**Records for this task:**
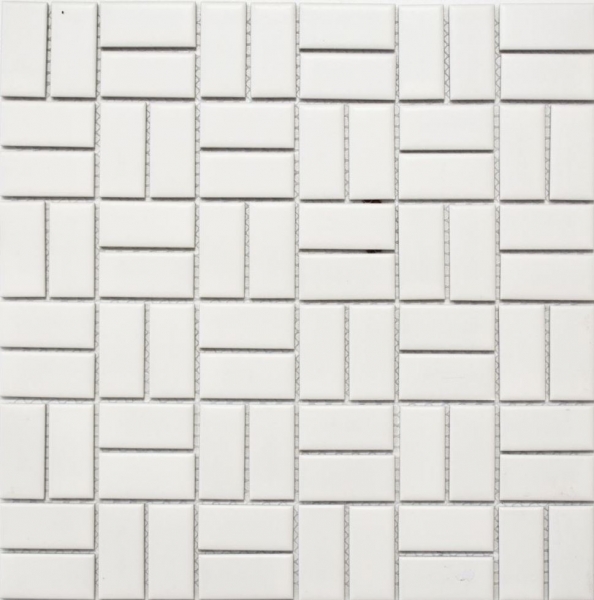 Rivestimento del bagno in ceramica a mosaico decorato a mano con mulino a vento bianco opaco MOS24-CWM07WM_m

---

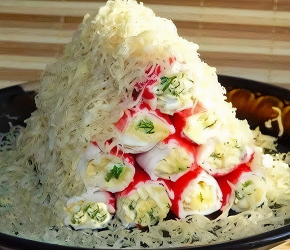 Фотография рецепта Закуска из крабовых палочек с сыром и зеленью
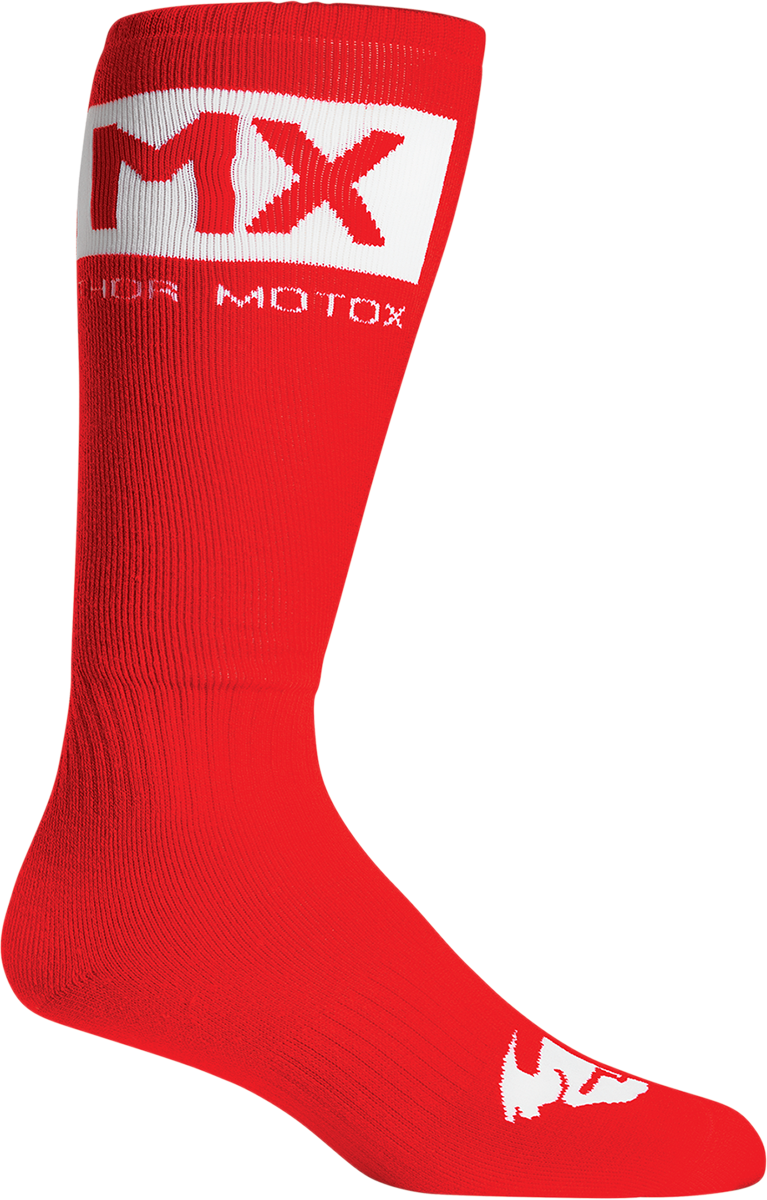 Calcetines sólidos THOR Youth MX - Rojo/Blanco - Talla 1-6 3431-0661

**Required work:**
Only the lines between the one with "Фотография рецепта Закуска" and the one with "Calcetines sólidos THOR", those two included, get copied from the material above. Keep it exact and free of pictures.

**Solution for this problem:**
 Фотография рецепта Закуска из крабовых палочек с сыром и зеленью
 Calcetines sólidos THOR Youth MX - Rojo/Blanco - Talla 1-6 3431-0661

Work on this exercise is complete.